Fenomenologia del calzino corto (che non ho)
Mi ricordo della raccomandazione che i miei genitori facevano spesso a mia sorella negli anni della nostra prima adolescenza: “controlla la coda di David, ha sempre la camicia fuori dai pantaloni”.
Avvertimento inutile: ho continuato a girare per anni con la coda, non attribuendo in verità alcun nesso tra questo particolare e lo scarsissimo successo che ho avuto con le ragazze fino ai 16 anni, sempre ammesso che un nesso sia esistito.
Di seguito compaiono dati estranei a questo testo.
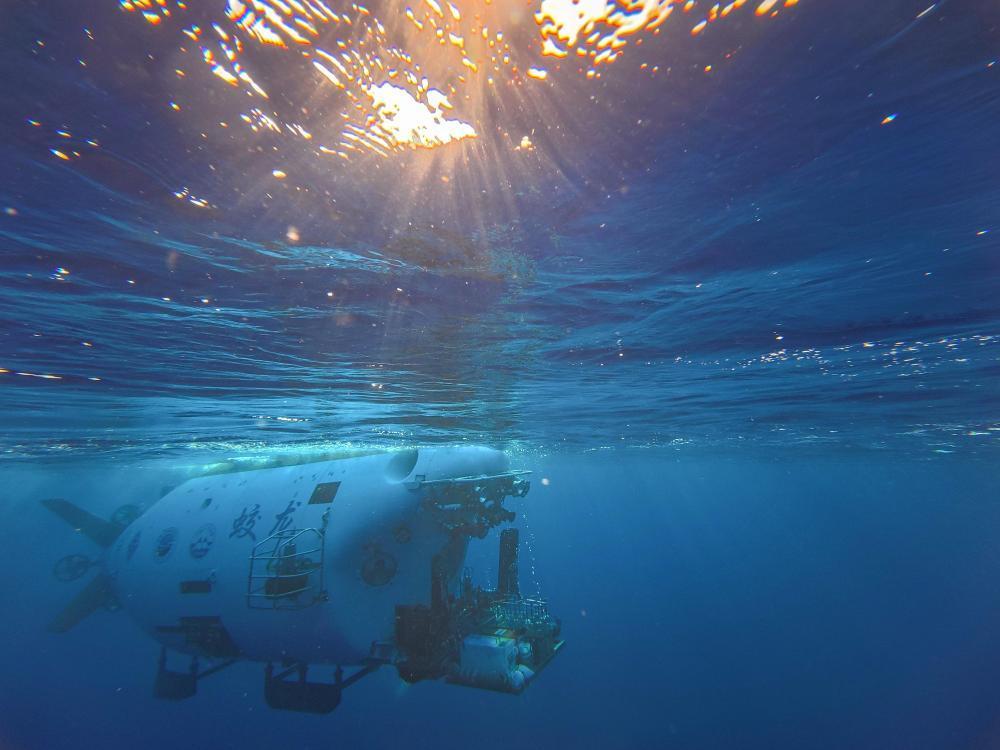 “蛟龙”号载人潜水器入海 计划下潜约4500米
Quarant’anni dopo non sono cambiato, resto il solito trasandato, anche se il mio guardaroba è vertiginosamente migliorato grazie soprattutto alla presenza delle tre donne che ho in casa.
Non porto mai la cravatta (tranne che in rarissime occasioni, quando sono in pratica costretto), anzi non la porto da almeno una decina di anni e non esiste una vera spiegazione al mio stop, cioè non c’è niente di “sociale” in tutto questo, semplicemente non mi piace più.
Ci sono dei momenti in cui ho delle folgorazioni del tipo: certo mi piacerebbe essere sempre in punto e virgola come x o come y e me lo potrei pure permettere, ma sono attimi di follia, che come arrivano passano e così torno al mio stile, che può piacere o meno senza che questo turbi i miei pensieri.
Una cosa però tengo a dirla: non ho nel mio guardaroba ne’ calzini corti ne’ calzini bianchi, li sopporto meno della cravatta e l’immagine molto particolare di ieri con Anderson e Mencucci è legata solo al mio agitarmi, nonostante il calcolo che non se ne va.